Light No Fire is a game about adventure, building, survival and exploration together. Set on a fantasy planet the size of Earth, it brings the depth of a rol...
Unless they’ve fired the absolute moron(s) who designed the crafting and alien language system in NMS, I say stay far away.
I mean, combining dihydrogen and oxygen yields… NaCl? And you learn alien words literally one at a time? Oh but they have procedural generation! Except every single space station looks identical.
IMO This is a developer who does not respect their players. And somehow they’ve convinced a lot of people that periodically adding more shallow grindy fetch quests means the core gameplay isn’t garbage.
I really wanted to like NMS. The core concept is 100% up my alley, it looks pretty good, and it’s a neat sandbox. I suppose it’s not bad if you’re the kind of player who is happy mindlessly gathering resources so you can craft an ornate base. Hell, I played quite a bit because I was determined to collect one of every type of spaceship.
But I really do think the gameplay is objectively bad by almost any possible measure. The on-foot traversal is terrible, waiting around for refiners sucks (though at least they had the sense to give a backpack refiner), trying to get the actual spaceship you want is awful, flying towards the galactic center is a chore, and I could go on. I guess the gunplay is serviceable, but the enemies aren’t the least bit interesting aside from maybe the largest walker bots.
I mean I don’t totally disagree with your statements, but how much playtime do you have in NMS? I have 85 hours and I am totally satisfied aka not thinking of returning regarding new patches with new “content”.
Does that make it a bad game? I don’t think so.
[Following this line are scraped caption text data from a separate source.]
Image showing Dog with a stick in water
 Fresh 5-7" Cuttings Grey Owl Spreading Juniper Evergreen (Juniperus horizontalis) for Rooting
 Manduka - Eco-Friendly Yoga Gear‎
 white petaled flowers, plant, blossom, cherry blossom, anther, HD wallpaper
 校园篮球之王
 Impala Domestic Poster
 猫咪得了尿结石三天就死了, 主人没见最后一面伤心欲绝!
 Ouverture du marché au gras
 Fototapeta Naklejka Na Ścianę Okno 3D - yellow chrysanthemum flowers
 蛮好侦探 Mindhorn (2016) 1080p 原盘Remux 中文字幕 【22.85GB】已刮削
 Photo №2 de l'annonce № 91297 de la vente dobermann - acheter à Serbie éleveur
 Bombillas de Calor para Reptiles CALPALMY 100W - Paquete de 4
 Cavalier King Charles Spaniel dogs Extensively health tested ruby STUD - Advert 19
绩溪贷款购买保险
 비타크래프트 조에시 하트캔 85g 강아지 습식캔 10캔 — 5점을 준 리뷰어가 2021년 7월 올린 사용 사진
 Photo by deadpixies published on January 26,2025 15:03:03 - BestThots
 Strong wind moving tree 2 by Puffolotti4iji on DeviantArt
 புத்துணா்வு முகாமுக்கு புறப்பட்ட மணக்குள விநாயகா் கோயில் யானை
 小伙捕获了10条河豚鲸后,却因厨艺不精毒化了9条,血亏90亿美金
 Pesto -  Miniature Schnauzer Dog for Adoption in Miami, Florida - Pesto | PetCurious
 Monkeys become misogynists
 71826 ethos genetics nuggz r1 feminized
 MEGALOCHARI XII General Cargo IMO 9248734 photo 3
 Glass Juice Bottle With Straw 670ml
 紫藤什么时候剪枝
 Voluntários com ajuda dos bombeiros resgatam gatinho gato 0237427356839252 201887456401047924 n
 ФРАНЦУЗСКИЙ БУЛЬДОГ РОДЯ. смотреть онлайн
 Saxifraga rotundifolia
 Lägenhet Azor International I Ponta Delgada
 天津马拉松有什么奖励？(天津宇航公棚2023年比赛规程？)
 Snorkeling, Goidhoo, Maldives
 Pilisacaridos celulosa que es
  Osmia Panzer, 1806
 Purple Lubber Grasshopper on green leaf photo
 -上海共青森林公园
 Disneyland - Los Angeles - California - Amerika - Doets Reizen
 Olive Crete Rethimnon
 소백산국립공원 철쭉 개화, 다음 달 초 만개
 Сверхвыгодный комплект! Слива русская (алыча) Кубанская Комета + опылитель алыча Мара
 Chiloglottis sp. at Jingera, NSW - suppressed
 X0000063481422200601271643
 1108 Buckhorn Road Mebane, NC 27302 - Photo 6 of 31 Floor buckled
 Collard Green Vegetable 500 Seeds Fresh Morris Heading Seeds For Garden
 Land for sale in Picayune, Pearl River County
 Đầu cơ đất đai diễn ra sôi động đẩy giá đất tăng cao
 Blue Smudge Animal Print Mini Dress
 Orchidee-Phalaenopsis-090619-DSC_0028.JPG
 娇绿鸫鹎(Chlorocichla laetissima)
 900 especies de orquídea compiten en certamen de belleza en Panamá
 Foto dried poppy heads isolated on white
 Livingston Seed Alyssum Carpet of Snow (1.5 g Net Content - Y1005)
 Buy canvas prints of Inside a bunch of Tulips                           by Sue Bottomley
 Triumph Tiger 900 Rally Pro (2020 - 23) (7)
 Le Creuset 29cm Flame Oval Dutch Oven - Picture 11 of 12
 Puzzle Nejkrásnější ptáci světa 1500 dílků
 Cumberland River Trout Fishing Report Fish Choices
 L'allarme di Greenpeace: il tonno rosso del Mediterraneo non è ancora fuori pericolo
Is it the best spacesim ever, I don’t think so either.
But it gets some features really nicely done:
like the feeling of and endless universe where you can travel wherever you want,
the exploration part where you are looking for your favourite planet ecosystem (it NEEDS dinosaurs!)
the crafting part, although I no clue how it changed to some years ago
starting and landing on planets (hi Shitfield)
But I agree the core gameplay loop is quite shallow, I see it more as a “light” sandbox game.
Yeah I like the “go anywhere” feel and was happy when I found a dinosaur planet too. But it still all feels 2 inches deep in so many ways.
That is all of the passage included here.